Given information:

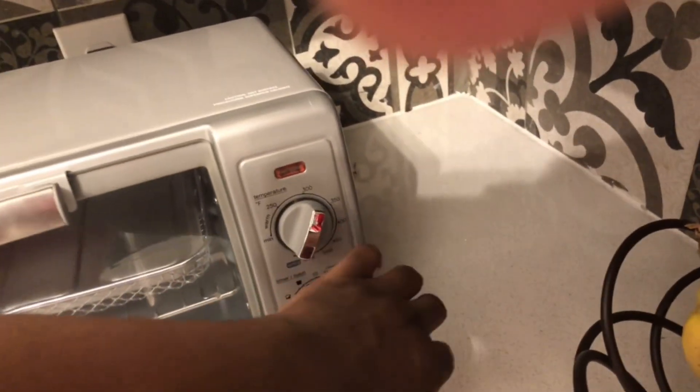My mom just bought this air fryer — not too long ago, just yesterday which was Thursday. It's great for cooking greasy foods, and since I'm a fried chicken man, this is fire. It looks like a nice unit but I need to taste the food it makes.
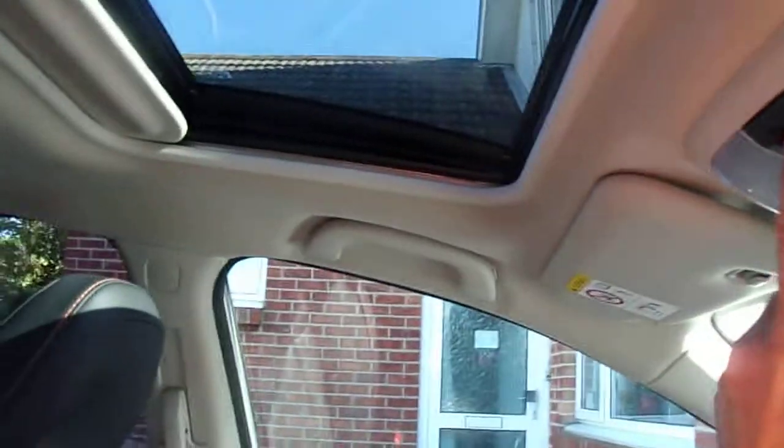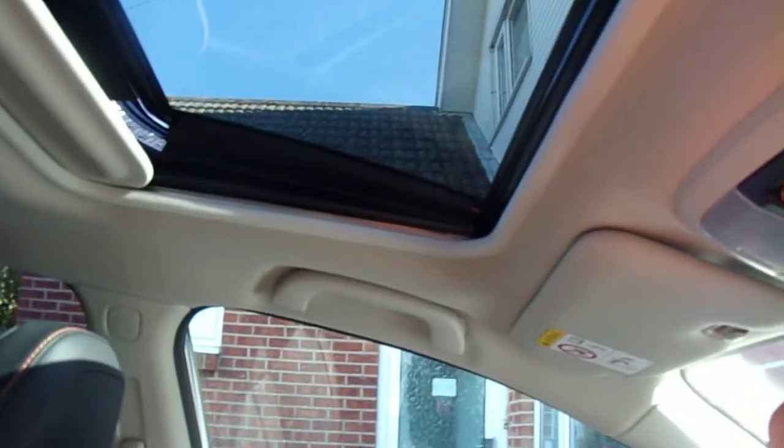I forgot to show you that the sunroof is actually a tilt-and-slide electric sunroof. So will it let me show you that now? There we go.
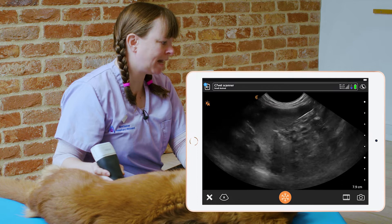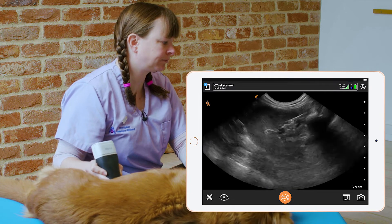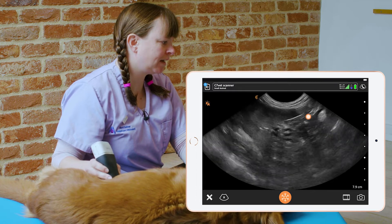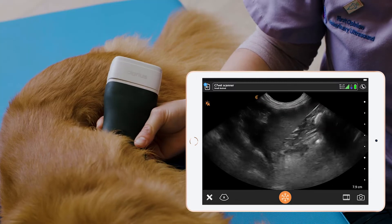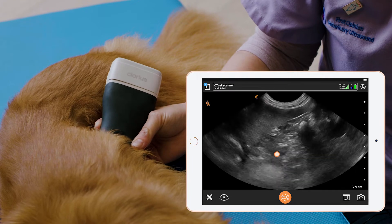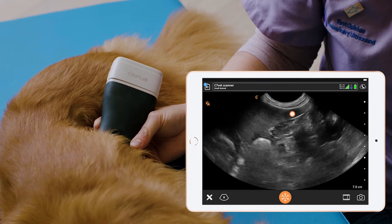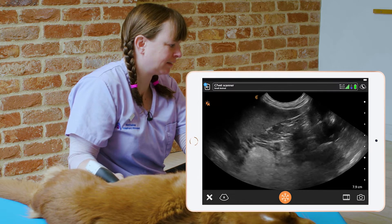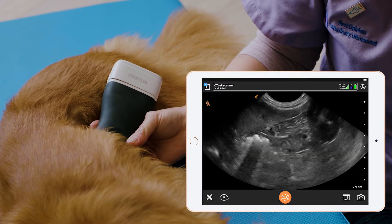We want our three landmarks in the image: we want our stomach cranially, the spleen dorsally, and the transverse colon caudally. So in this area cranially we have the stomach, caudally we have the transverse colon, and dorsally we have the spleen. We can see the splenic vein leaving the spleen, and it's in this area we'll see the left limb of the pancreas.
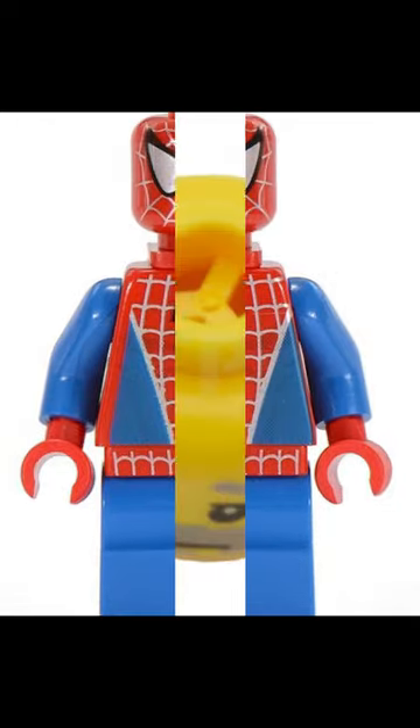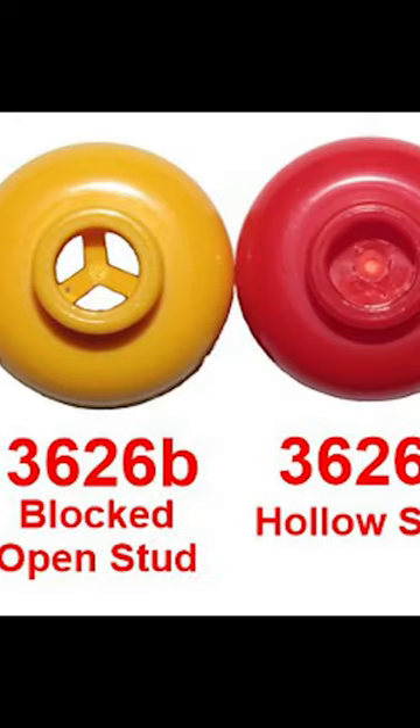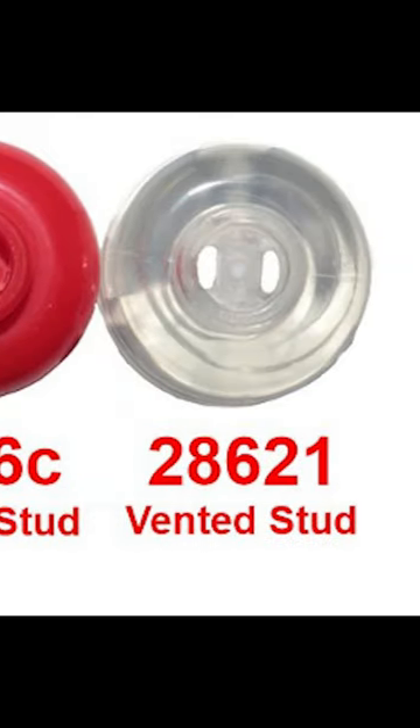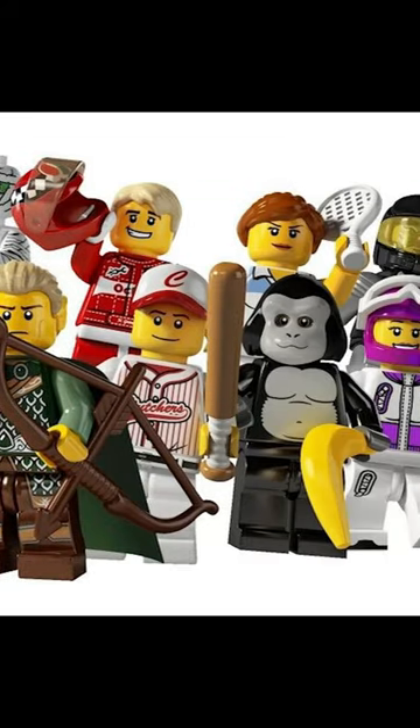If you've ever seen an older LEGO minifigure, you've probably noticed the head has holes in the top of it. This can be weird to see for newer LEGO fans, as it makes them look like a knockoff — but they're 100% real. These head holes were included in every minifigure for decades, and LEGO never announced the true reason behind them.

What needs to be done: Print the listing exactly, pictures excluded.

Task output:
My mom just bought this air fryer — not too long ago, just yesterday which was Thursday. It's great for cooking greasy foods, and since I'm a fried chicken man, this is fire. It looks like a nice unit but I need to taste the food it makes.
I forgot to show you that the sunroof is actually a tilt-and-slide electric sunroof. So will it let me show you that now? There we go.
We want our three landmarks in the image: we want our stomach cranially, the spleen dorsally, and the transverse colon caudally. So in this area cranially we have the stomach, caudally we have the transverse colon, and dorsally we have the spleen. We can see the splenic vein leaving the spleen, and it's in this area we'll see the left limb of the pancreas.
If you've ever seen an older LEGO minifigure, you've probably noticed the head has holes in the top of it. This can be weird to see for newer LEGO fans, as it makes them look like a knockoff — but they're 100% real. These head holes were included in every minifigure for decades, and LEGO never announced the true reason behind them.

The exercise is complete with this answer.